The new Government's self-professed green credentials have come under question as a key grant scheme to put renewable heating into buildings has been stopped, to save a mere £3 million.

As of 6am on Monday, May 24th, the Government stopped taking fresh applications for grants for renewable heat systems. These were available under phase 2e of the Low Carbon Buildings Programme (LCBP).

The previous government’s intent was for the Renewable Heat Incentive (RHI) to take over from the LCBP. However there is now a gap of ten months before this goes live on April 1st 2011.

The LCPB's website says that "demand for grants has been unprecedented" and "we had very little unallocated funding remaining". It has therefore "been decided that by closing the programme now, these unallocated funds will contribute towards DECC’s overall savings".

The Solar Trade Association (STA) called it a "a retrogressive step" given "the relatively small budget required to support the LCBP".

DECC's cuts


The Department of Energy and Climate Change (DECC) said it had to make the cut to as its part of the £6bn cuts announced by George Osbourne and the Treasury.

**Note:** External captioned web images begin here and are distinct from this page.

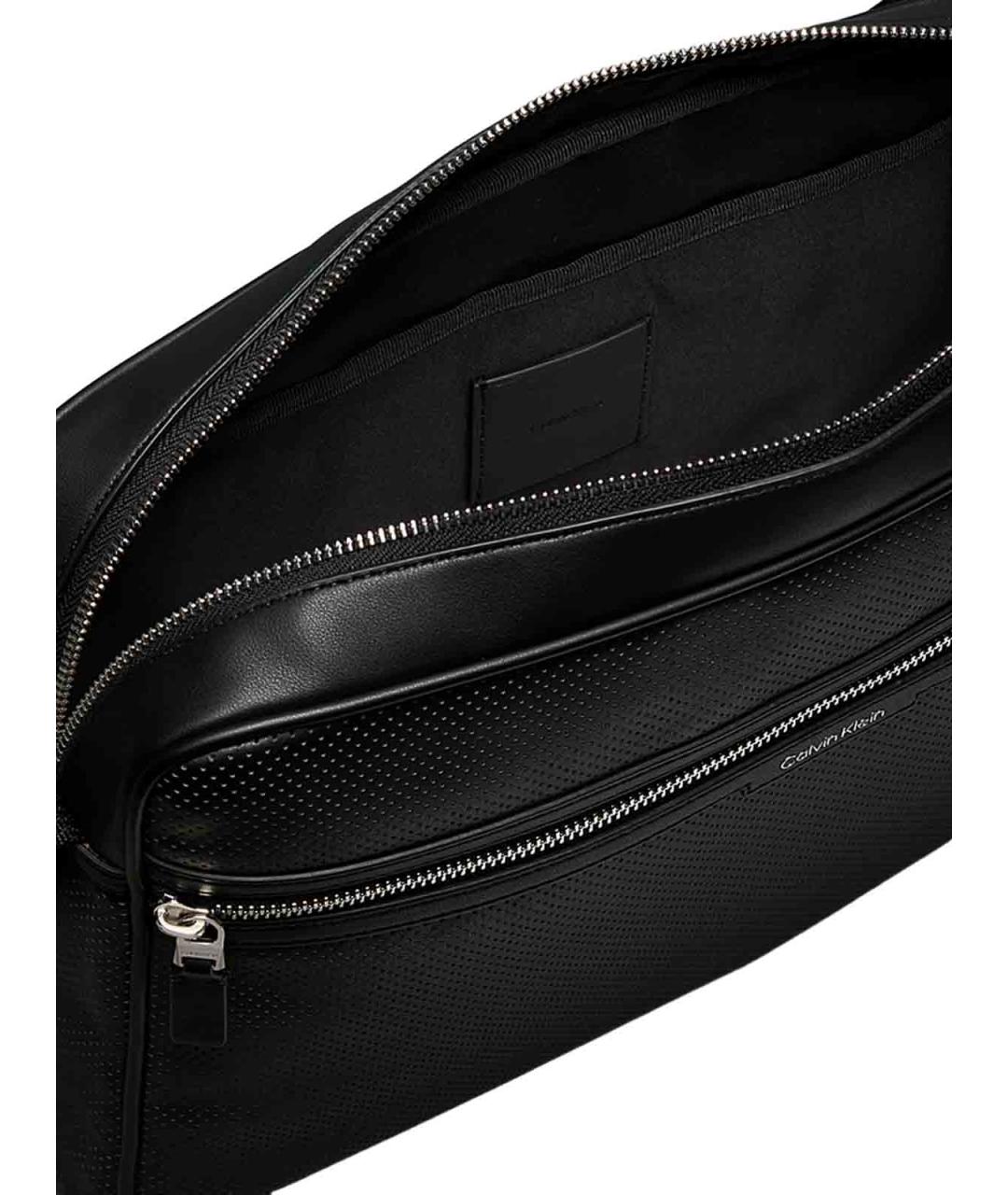 CALVIN KLEIN Черная сумка на плечо из искусственной кожи, фото 2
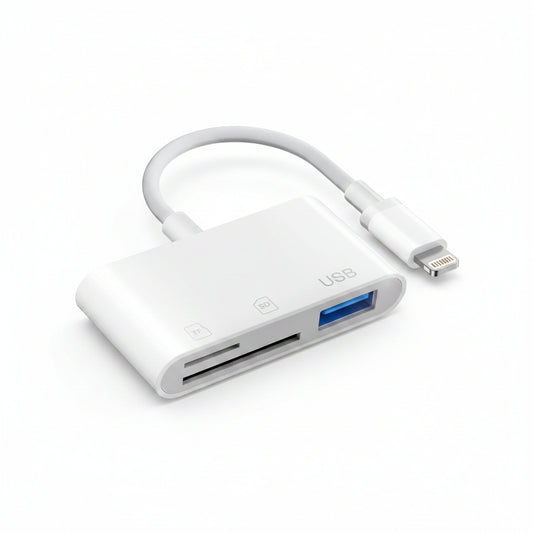 Loydia 3-in-1 SD Card Reader USB-C Lightning Camera Adapter for iPhone 15/13/11/X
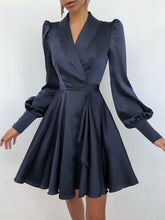 Load image into Gallery viewer, Fashion Elegant V-Neck Flared Sleeve Elegant Dress
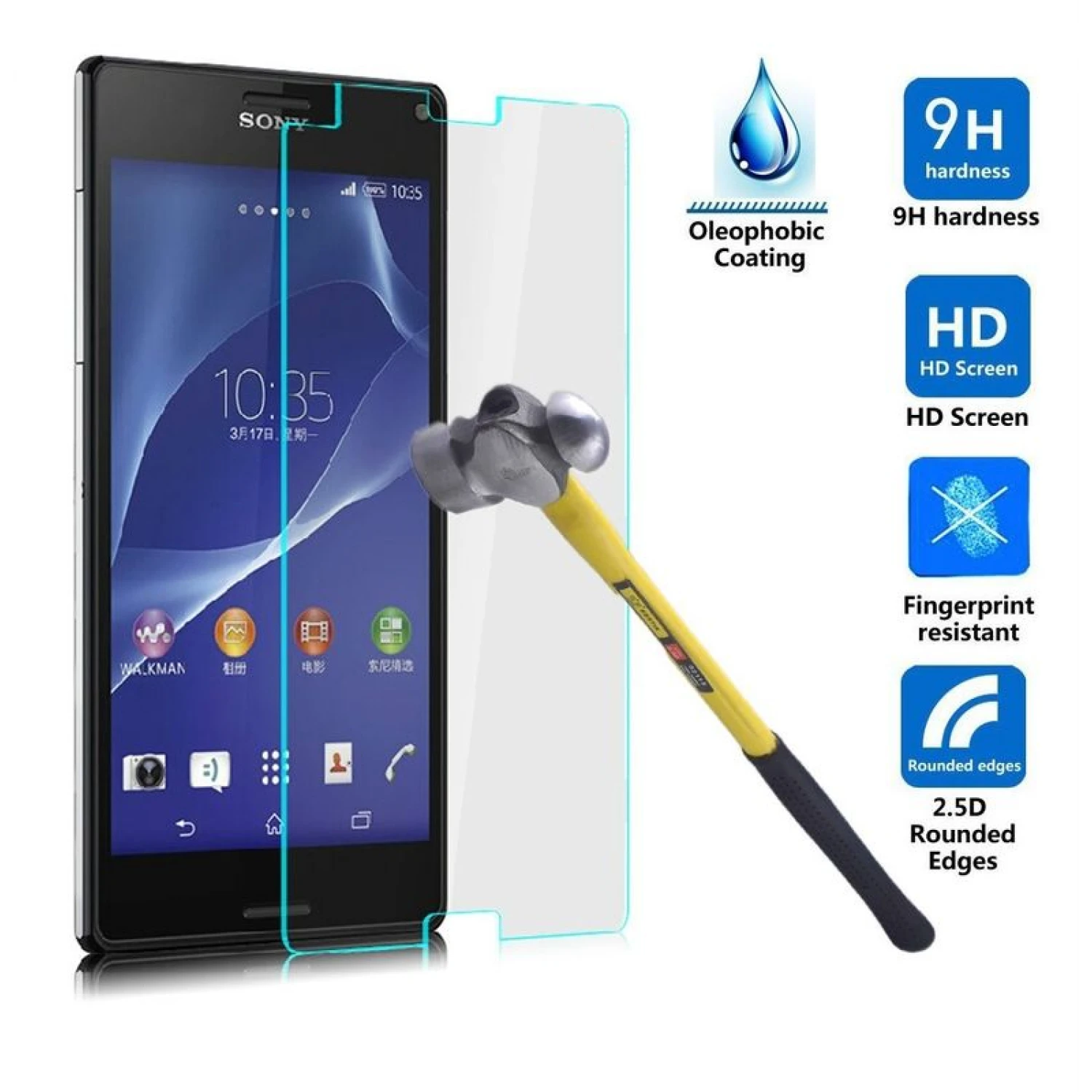 Sony Xperia Z3 Mini Tempered Glass Screen Protector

DECC is contributing £85m to this total.

About half this figure will come from efficiencies and other savings across our central spending and that of DECC's quangos. The other half comes from cutting or slowing down planned expenditure.

Effect on the industry


The declared "unprecedented demand" indicates a healthy sector and the public's desire to install microgeneration. Many social housing providers had significant plans to install renewable technologies such as heat pumps this year under the scheme.

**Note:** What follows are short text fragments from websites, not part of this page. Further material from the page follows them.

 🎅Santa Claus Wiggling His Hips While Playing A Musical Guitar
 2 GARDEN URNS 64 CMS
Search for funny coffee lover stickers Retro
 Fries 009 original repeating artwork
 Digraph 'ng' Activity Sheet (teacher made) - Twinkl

These and other projects will now most likely be put on hold until the RHI comes in, although its exact form has yet to be confirmed.

Therefore the STA believes the ten month gap will cause a loss of jobs in the industry just at the moment the country wants to build capacity to install hundreds of thousands of renewable heating systems each year.

They called on the Government to find a small extra element in its budget to support the LCBP until the launch of the new incentive.

Howard Johns, Chairman of the STA said “This is very bad news for the solar industry, and a very disappointing move from the new coalition who are aiming to be the greenest Government ever. Once again been undermined for short term gain. At this point we have no idea what the RHI will look like and whether we will get it at all - effectively leaving our sector in limbo, and jobs at risk.”

Scott McLean, marketing director of Ownergy, commented: "The same happened to LCBP grants for renewable electricity installations ahead of the Feed-In Tariffs going live. We don't see it as any indication that the Renewable Heat Incentive is under threat."

The Low Carbon Buildings Programme


The LCBP grant programme has provided approximately 20,000 grants for the capital and installation costs of Microgeneration equipment of which, to date 11,000 have been for thermal technology (33% by value, 58% by number of installations). These have produced lifetime carbon savings of 300,000 tonnes of CO2.

Feed-In-Tariff for renewable electricity, introduced on 1 April 2010, mean that LCBP is no longer required for electrical microgeneration.